Apache Kafka is an open-source data streaming platform that collects, stores, organizes, and manages real-time data moving into Kafka servers. Since Kafka servers can stream trillions of real-time data or records per day, they often get overloaded because of the continuous streaming of real-time messages. To eliminate such complications, you can implement a Kafka compacted topic strategy through which you can manually select and remove the replicated or duplicated messages inside Kafka servers.

In this article, you will gain information about Kafka Compacted Topic. You will also gain a holistic understanding of Apache Kafka, its key features, Kafka Topics, Partition, and the steps for creating a Kafka Compacted Topic to implement the process of Log Compaction in Kafka. Read along to find out in-depth information about Kafka Compacted Topics.

Prerequisites

  • A fundamental understanding of real-time data streaming
  • Basic understanding of Apache Kafka

What is Apache Kafka?

Kafka logo

Apache Kafka was originally developed at LinkedIn to address their need for Monitoring Activity Stream Data and Operational Metrics such as CPU, I/O usage, and request timings. Subsequently, in early 2011, it was Open-Sourced through the Apache Software Foundation. Apache Kafka is a Distributed Event Streaming Platform written in Java and Scala. It is a Publish-Subscribe (pub-sub) Messaging Solution used to create Real-Time Streaming Data Pipelines and applications that adapt to the Data Streams.

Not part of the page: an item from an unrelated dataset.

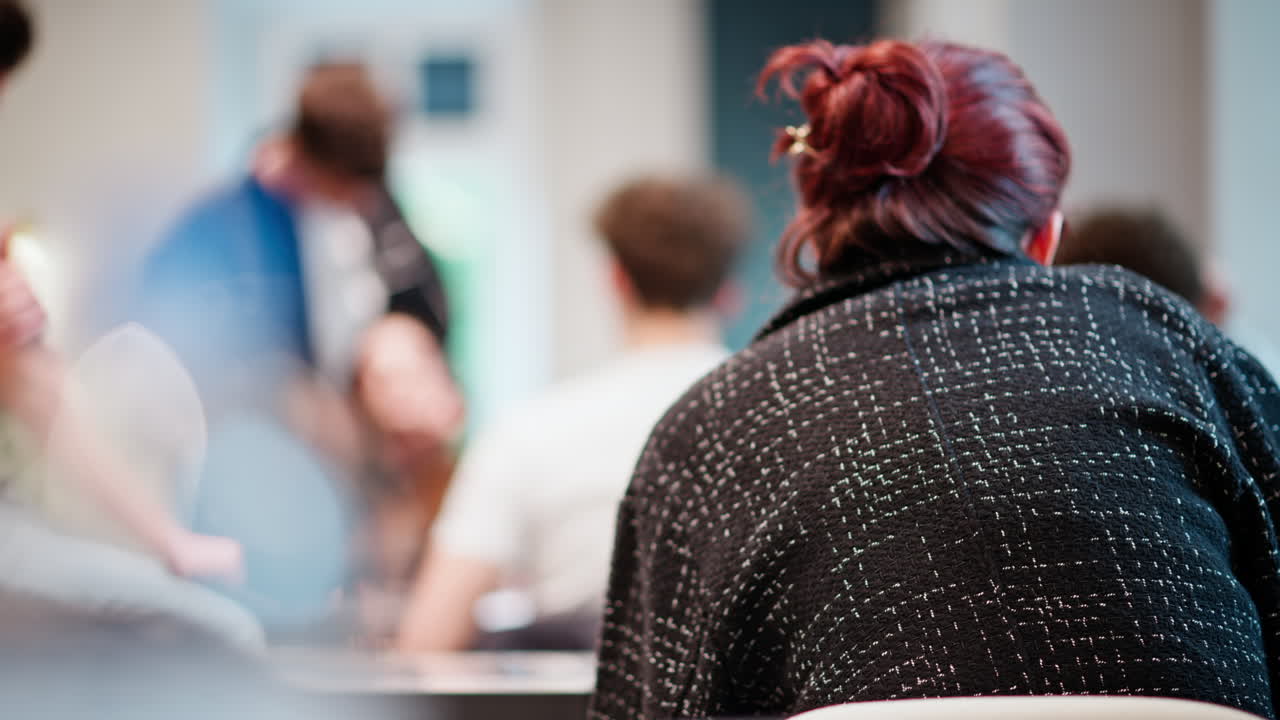 Blurry kids hanging out at a school classes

Kafka deals with Real-Time volumes of data and swiftly routes it to various consumers. It provides seamless integration between the information of producers and consumers without obstructing the producers and without revealing the identities of consumers to the producers. 

There are three main components in Kafka architecture: Kafka producers, brokers or servers, and consumers. Kafka producers publish or write real-time messages into Kafka servers, while Kafka consumers fetch or read messages from Kafka servers. Since Kafka is used by various external applications to write (publish) and read (subscribe) real-time messages to and fro the Kafka servers, it is also called a publish-subscribe messaging service. Today, because of its rich features and functionalities, Kafka is being used by the world’s most prominent companies like Spotify, Netflix, Airbnb, and Uber for implementing real-time streaming services.

Kafka Core concepts: 

  • Producer: An application that sends data (message records) to the Kafka server.
  • Consumer: An application that receives data from the Kafka server in the form of message records.
  • Broker: A Kafka Server that acts as an agent/broker for message exchange.
  • Cluster: A collection of computers that each run one instance of the Kafka broker.
  • Topic: The data stream is given an arbitrary name.
  • Zookeeper: A server/broker that stores a large number of shared pieces of information.
Effortless Kafka Data Management with Hevo

Looking for an easier way to manage Kafka data? Hevo’s no-code pipeline seamlessly integrates Kafka with your data warehouse for efficient transfer, transformation, and analysis. 

Hevo offers:

Thousands of customers worldwide trust Hevo for their data ingestion needs. Join them and experience seamless data ingestion.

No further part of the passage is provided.